HOW TO COMPLETE THIS TASK. Would you please repeat exactly the entries below, starting at the line with "Press next and" and ending at the line with "It will have", and nothing outside that range? Leave out the pictures.

RECORDS PROVIDED.
_ _ _ _ _

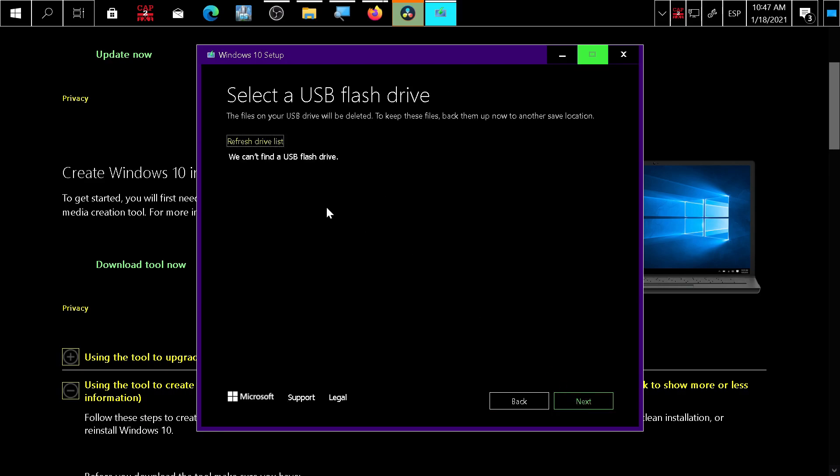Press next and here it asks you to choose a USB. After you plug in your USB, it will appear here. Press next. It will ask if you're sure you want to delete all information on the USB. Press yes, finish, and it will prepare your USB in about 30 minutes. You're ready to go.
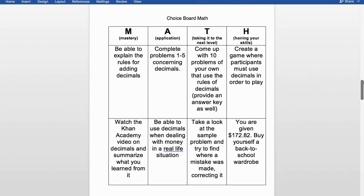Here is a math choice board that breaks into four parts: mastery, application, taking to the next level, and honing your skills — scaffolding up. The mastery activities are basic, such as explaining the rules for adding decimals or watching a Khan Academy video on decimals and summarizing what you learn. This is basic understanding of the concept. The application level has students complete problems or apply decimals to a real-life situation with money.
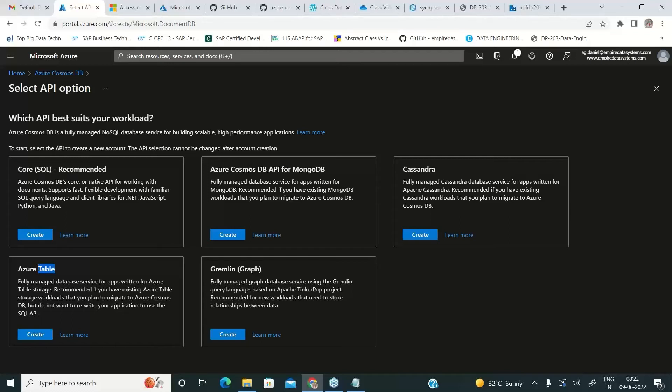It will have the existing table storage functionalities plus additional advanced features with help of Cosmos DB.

_ _ _ _ _

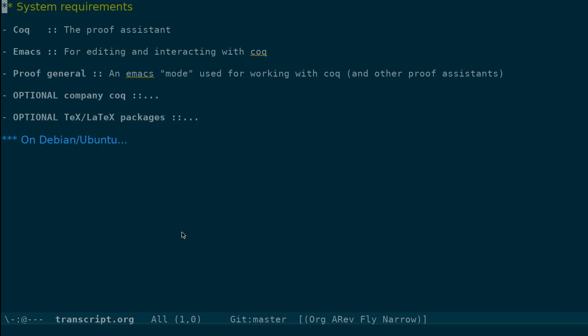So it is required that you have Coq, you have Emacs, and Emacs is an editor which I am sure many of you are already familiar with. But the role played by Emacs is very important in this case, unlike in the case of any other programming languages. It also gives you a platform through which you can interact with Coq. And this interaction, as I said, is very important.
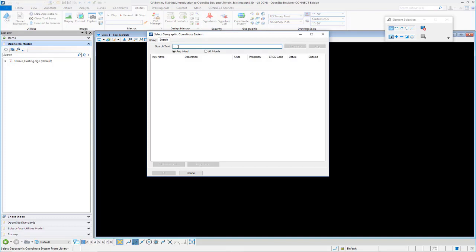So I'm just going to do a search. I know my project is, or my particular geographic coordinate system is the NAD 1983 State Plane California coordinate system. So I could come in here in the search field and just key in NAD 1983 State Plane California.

_ _ _ _ _

ANSWER TO THIS EXERCISE.
Press next and here it asks you to choose a USB. After you plug in your USB, it will appear here. Press next. It will ask if you're sure you want to delete all information on the USB. Press yes, finish, and it will prepare your USB in about 30 minutes. You're ready to go.
Here is a math choice board that breaks into four parts: mastery, application, taking to the next level, and honing your skills — scaffolding up. The mastery activities are basic, such as explaining the rules for adding decimals or watching a Khan Academy video on decimals and summarizing what you learn. This is basic understanding of the concept. The application level has students complete problems or apply decimals to a real-life situation with money.
It will have the existing table storage functionalities plus additional advanced features with help of Cosmos DB.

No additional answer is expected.